Required action: In the copy, keep every line below as it is and leave out the pictures.

Data provided:
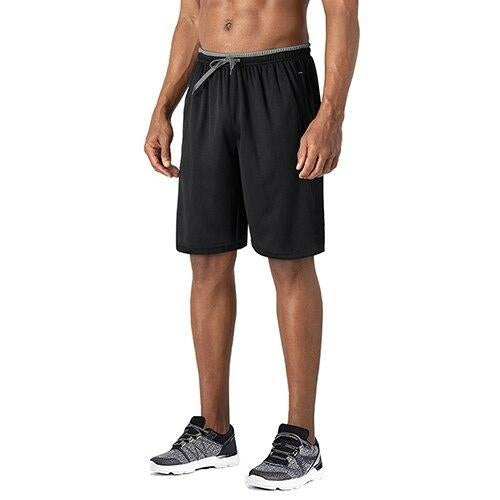 Joggers Shorts Mens Lightweight Men Shorts Gym Fitness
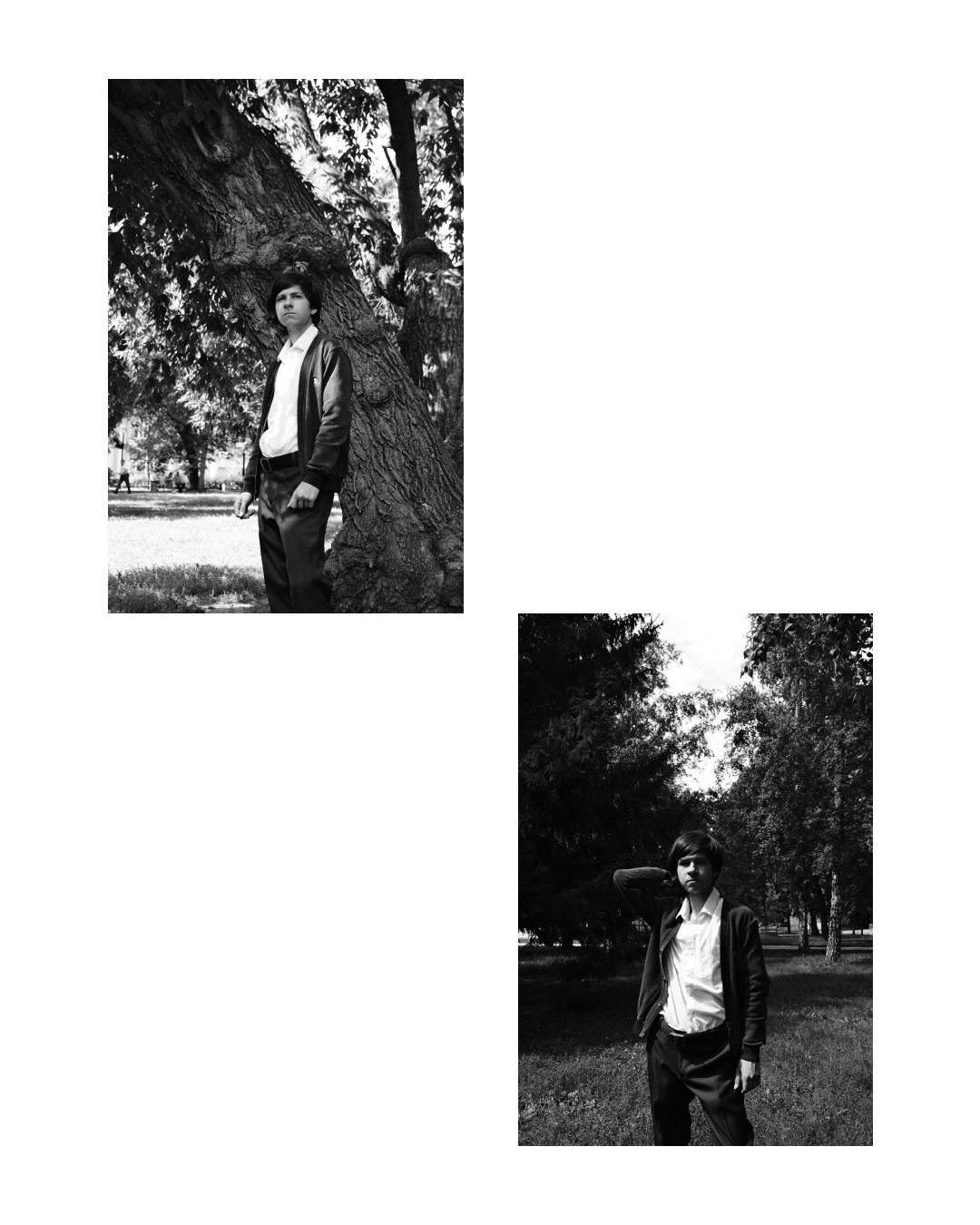Поэт Александр Качалкин. Плотников Родион Фотограф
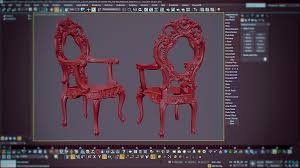 Image result for Arts Visual Arts Computer Graphics 3D 3D Studio Max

Answer:
 Joggers Shorts Mens Lightweight Men Shorts Gym Fitness
Поэт Александр Качалкин. Плотников Родион Фотограф
 Image result for Arts Visual Arts Computer Graphics 3D 3D Studio Max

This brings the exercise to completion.